Items listed in a dataset

--- START ---

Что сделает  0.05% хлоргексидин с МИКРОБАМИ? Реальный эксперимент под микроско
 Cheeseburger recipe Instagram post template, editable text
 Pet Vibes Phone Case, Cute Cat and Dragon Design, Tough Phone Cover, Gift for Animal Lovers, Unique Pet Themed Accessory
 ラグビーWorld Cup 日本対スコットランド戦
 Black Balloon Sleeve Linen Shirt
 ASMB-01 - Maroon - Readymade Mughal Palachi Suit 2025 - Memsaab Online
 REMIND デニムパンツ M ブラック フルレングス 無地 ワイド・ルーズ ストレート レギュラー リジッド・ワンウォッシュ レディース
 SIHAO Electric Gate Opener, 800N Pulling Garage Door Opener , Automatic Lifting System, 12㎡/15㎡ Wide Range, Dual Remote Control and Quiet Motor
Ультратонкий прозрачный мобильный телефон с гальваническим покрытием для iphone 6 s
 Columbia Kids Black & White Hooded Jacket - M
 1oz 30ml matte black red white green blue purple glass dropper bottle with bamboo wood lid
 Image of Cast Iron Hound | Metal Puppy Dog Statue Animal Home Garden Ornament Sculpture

--- END ---

* **Work instruction**:
Starting with the line that contains "Cheeseburger recipe Instagram", restate every line through the end of the records above, exactly and with no other lines.

* **Response area**:
 Cheeseburger recipe Instagram post template, editable text
 Pet Vibes Phone Case, Cute Cat and Dragon Design, Tough Phone Cover, Gift for Animal Lovers, Unique Pet Themed Accessory
 ラグビーWorld Cup 日本対スコットランド戦
 Black Balloon Sleeve Linen Shirt
 ASMB-01 - Maroon - Readymade Mughal Palachi Suit 2025 - Memsaab Online
 REMIND デニムパンツ M ブラック フルレングス 無地 ワイド・ルーズ ストレート レギュラー リジッド・ワンウォッシュ レディース
 SIHAO Electric Gate Opener, 800N Pulling Garage Door Opener , Automatic Lifting System, 12㎡/15㎡ Wide Range, Dual Remote Control and Quiet Motor
Ультратонкий прозрачный мобильный телефон с гальваническим покрытием для iphone 6 s
 Columbia Kids Black & White Hooded Jacket - M
 1oz 30ml matte black red white green blue purple glass dropper bottle with bamboo wood lid
 Image of Cast Iron Hound | Metal Puppy Dog Statue Animal Home Garden Ornament Sculpture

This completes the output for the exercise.